BEGIN

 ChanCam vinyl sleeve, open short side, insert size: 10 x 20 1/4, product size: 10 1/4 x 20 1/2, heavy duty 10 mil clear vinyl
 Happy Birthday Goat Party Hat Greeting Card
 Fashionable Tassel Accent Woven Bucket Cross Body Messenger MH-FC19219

END
BEGIN

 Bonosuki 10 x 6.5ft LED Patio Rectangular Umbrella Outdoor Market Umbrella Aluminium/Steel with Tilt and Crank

END

--- WORK TASK ---
Retype only the lines above between the line with "ChanCam vinyl sleeve, open" and the line with "Fashionable Tassel Accent", counting those two lines as well, and keep every character as it is.

--- ANSWER FOR THIS EXERCISE ---
 ChanCam vinyl sleeve, open short side, insert size: 10 x 20 1/4, product size: 10 1/4 x 20 1/2, heavy duty 10 mil clear vinyl
 Happy Birthday Goat Party Hat Greeting Card
 Fashionable Tassel Accent Woven Bucket Cross Body Messenger MH-FC19219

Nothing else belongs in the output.